The summer weather in Holland was so bad this year that most Dutch claim the season was skipped in this country. The city of Scheveningen must have felt sorry for their beach renters, a Dutch friend informed me, as they extended the restaurant leases until the end of October.  And what a good decision it was; last weekend every restaurant was busy and every square meter of beach occupied by a broad spectrum of humans ranging from pale white to foreign-vacation tanned.

I walked with two new friends I had met in a yoga/meditation course and the shore of the North sea on a warm Saturday afternoon seemed the perfect setting to discuss what we had learned. We had all experienced the value of regularly doing the meditation and breathing techniques, but we also felt annoyed by having to do “one more thing,” regardless of how much it improved our daily lives.   As we discussed how our meditations were coming along, we navigated our way through the jellyfish that washed up on shore. Although no longer alive, their amber tentacles moved gracefully to the gentle rhythm of the waves. They did not have the tell-tale blue lines on the round part of their bodies that indicate they are poisonous, but their presence was enough to keep 95% of the population out of the sea.

Although we were equally engaged and participating in the conversation, our eyes were still scanning the ground for jellyfish. Soon we made the prudent decision to walk on the dry sand of the beach, thus allowing our gazes to be more all-encompassing, our thoughts more present for contemplation.

As our gazes lifted upward our conversation did flow more easily. But as we proceeded on our journey, I noticed the beach goers on their towels had somehow transitioned from scantily clad to wholly unclad. As we casually ambled forward through the bobbing penises, sagging breasts and occasional sunburnt child, I was determined to focus on the conversation at hand. But soon, the change in landscape penetrated our thoughts.

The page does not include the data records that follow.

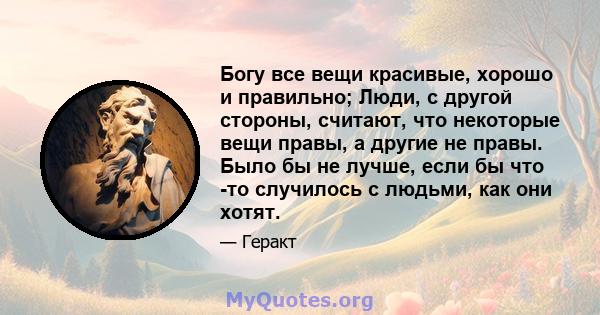 Богу все вещи красивые, хорошо и правильно; Люди, с другой стороны, считают, что некоторые вещи правы, а другие не правы. Было бы не лучше, если бы что -то случилось с людьми, как они хотят.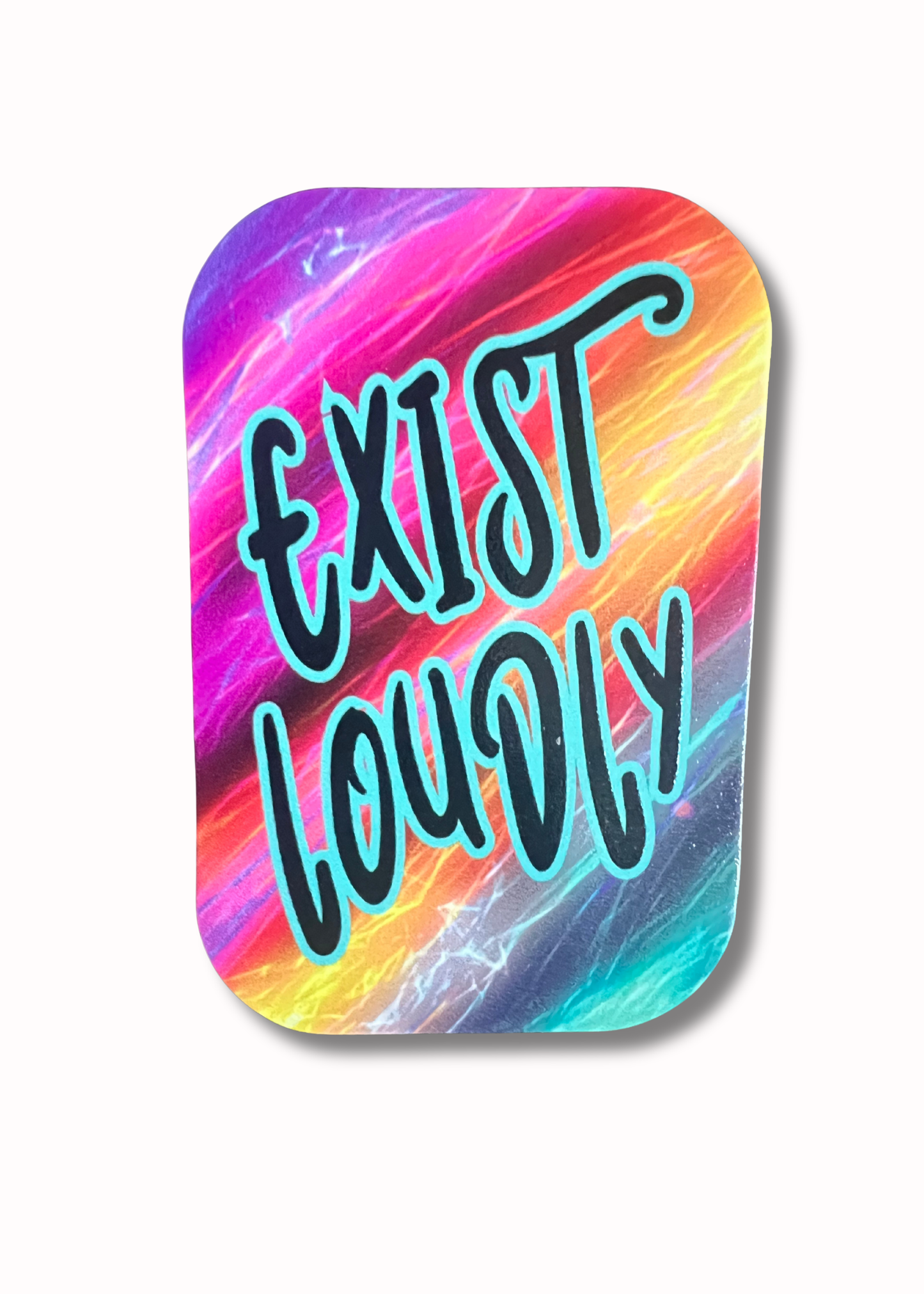 Exist Loudly -Magnet
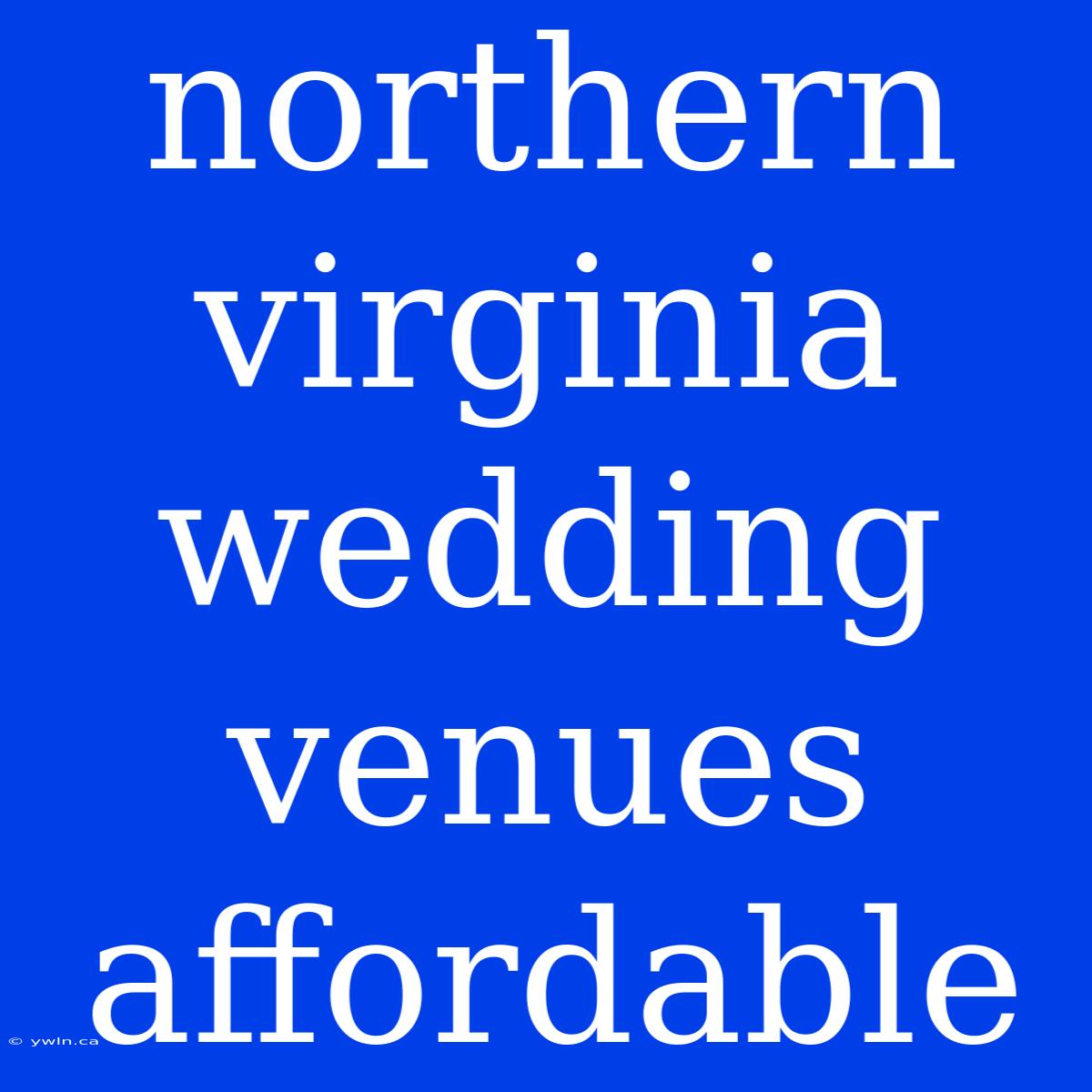 Northern Virginia Wedding Venues Affordable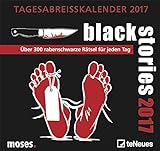 Moses black stories 2017 - Tagesabreisskalender, Rätselkalender, Rabenschwarze Rätsel für jeden T livre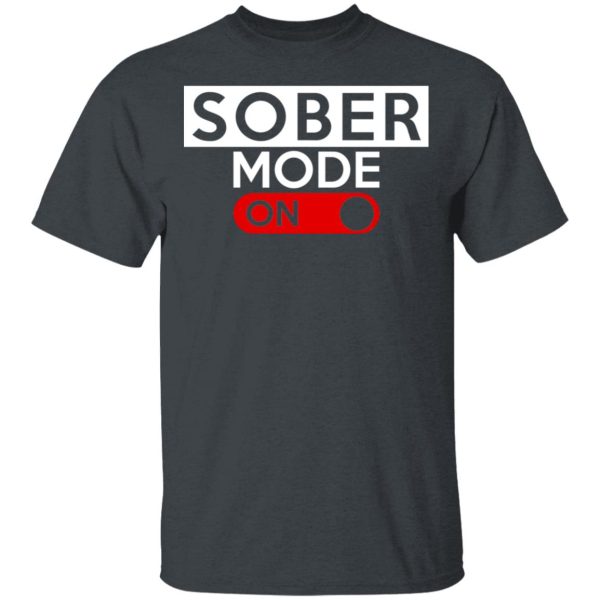 Official Sober Mode On T-Shirts, Hoodies, Long Sleeve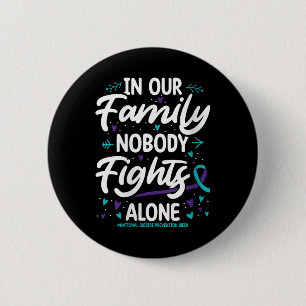 Womens In Our Family Nobody National Suicide Preve 6 Cm Round Badge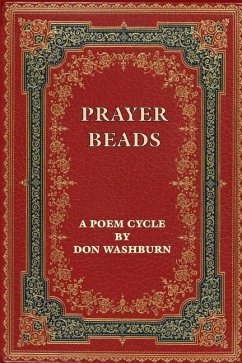 Prayer Beads, A Poem Cycle - Washburn, Don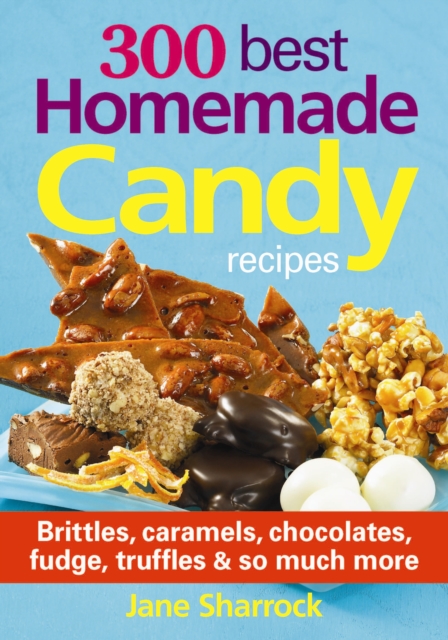 300 Best Homemade Candy Recipes: Brittles, Caramels, Chocolates, Fudge, Truffles and So Much More, Paperback / softback Book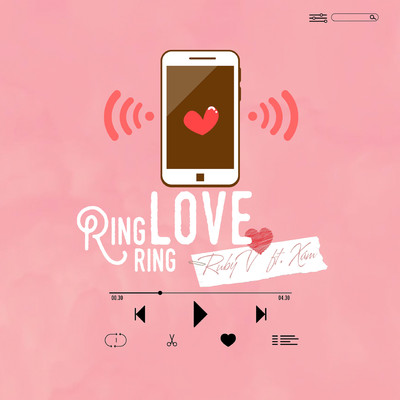 Ring Ring Love (feat. RubyV)/Xam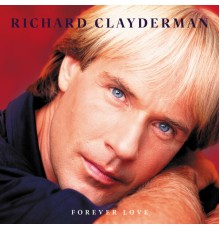 Richard Clayderman - Forever Love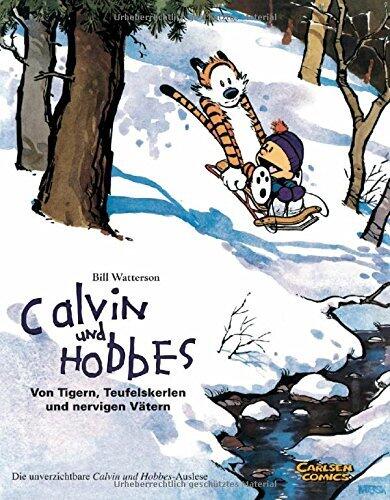 Calvin und Hobbes: Von Tigern, Teufelskerlen und nervigen Vätern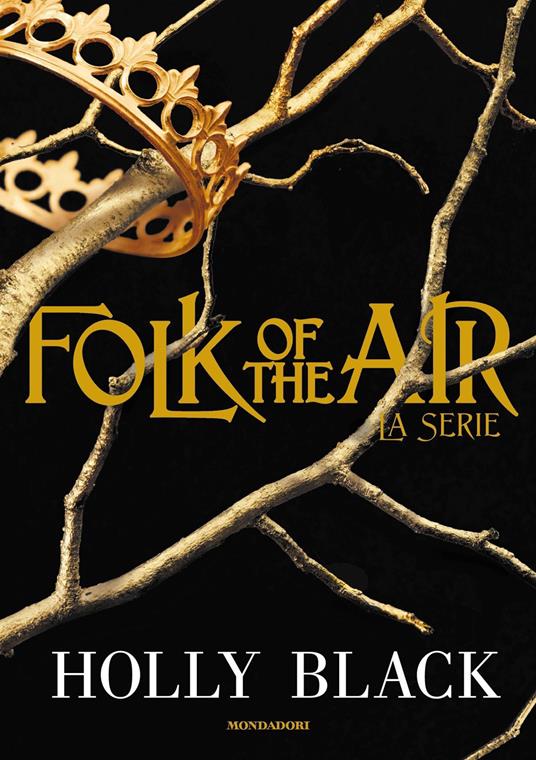 Folk of the air. La serie - Holly Black,Alessia Merlo,Rossella Pinto,Francesca Novajra - ebook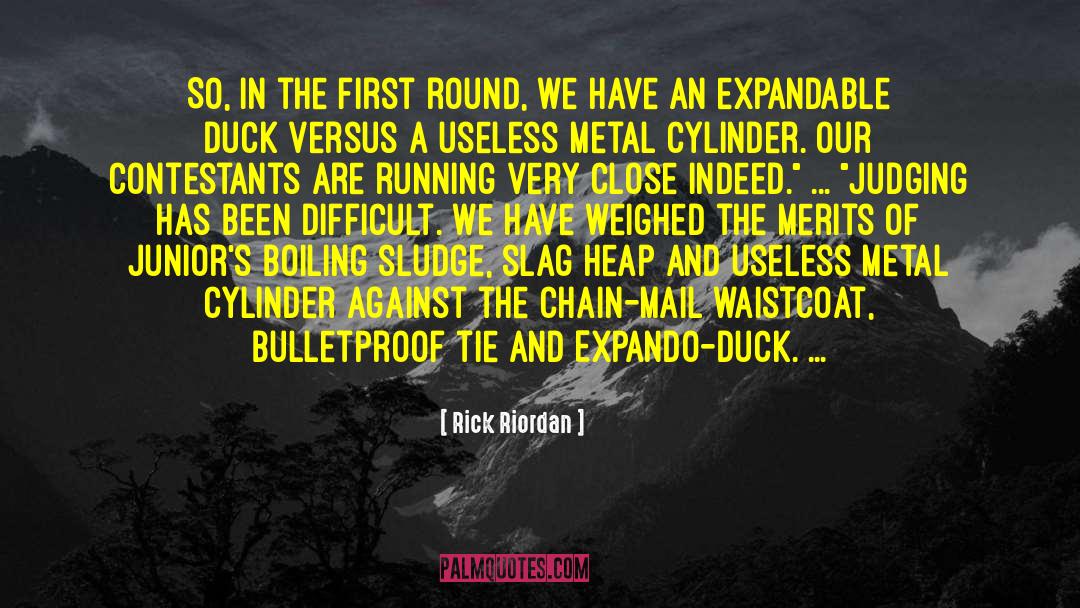 Bulletproof Vests quotes by Rick Riordan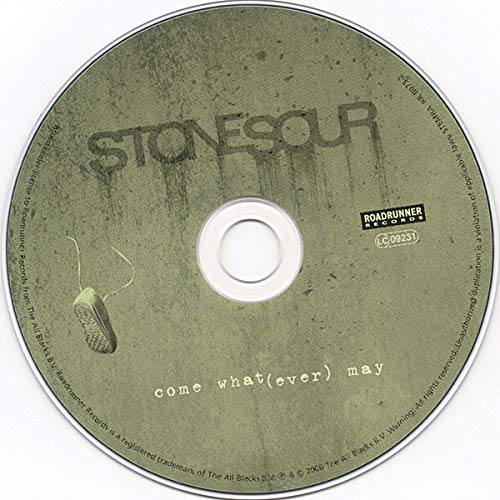 Stone Sour - Come What(ever) May;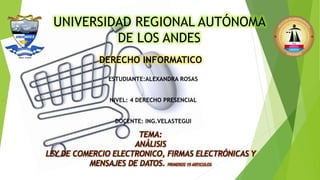 UNIVERSIDAD REGIONAL AUTÓNOMA
DE LOS ANDES
DERECHO INFORMATICO
ESTUDIANTE:ALEXANDRA ROSAS
NIVEL: 4 DERECHO PRESENCIAL
DOCENTE: ING.VELASTEGUI
TEMA:
ANÁLISIS
LEY DE COMERCIO ELECTRONICO, FIRMAS ELECTRÓNICAS Y
MENSAJES DE DATOS. PRIMEROS 19 ARTICULOS
 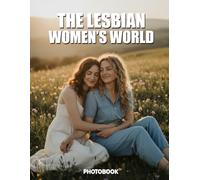 The Lesbian Women’s World Photobook: Celebrate Global Lesbian Visibility And The Diverse Beauty Of Queer Life Worldwide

As we passed naked families sitting together under the hot sun, my friend shared a conversation she’d had with friends just a few nights before about the vast differences in freedom of conversation between mothers and daughters around the topic of sex. The three of us shared in common having almost never talked to our mothers about sex. On the other hand, one of her friends had reported that mom talked openly to her about her sexual experiences down to which toys she liked for such occasions.

In Holland, land of sexual freedom, legal prostitution and drugs, it makes sense that family views on the topic of sex could be much more liberal. If I had thought about the topic before, I might have naturally come to the same conclusion. .

I sometimes have difficulty with the general zen principle of staying in the moment, but my child is like my zen master. Besides the anticipation of dessert after dinner, he seems to live fully in the moment, engaged in play, in laughter, in taking in the opportunities around him. When with him, I too am in the moment. Yes, I can digress back into history and think of holding him as an infant, or think in a general sense about his future educational needs, but for the most part, I think of him as a four and a half year old, no younger, no older. But, former topic at hand, how will this country of liberal indifference influence his sexual upbringing? Of course, parents play a large role, but contemporary society also holds a powerful set of cards in how our children will think. But, keeping my little zen boy in mind, I’ll cross that bridge when I get there.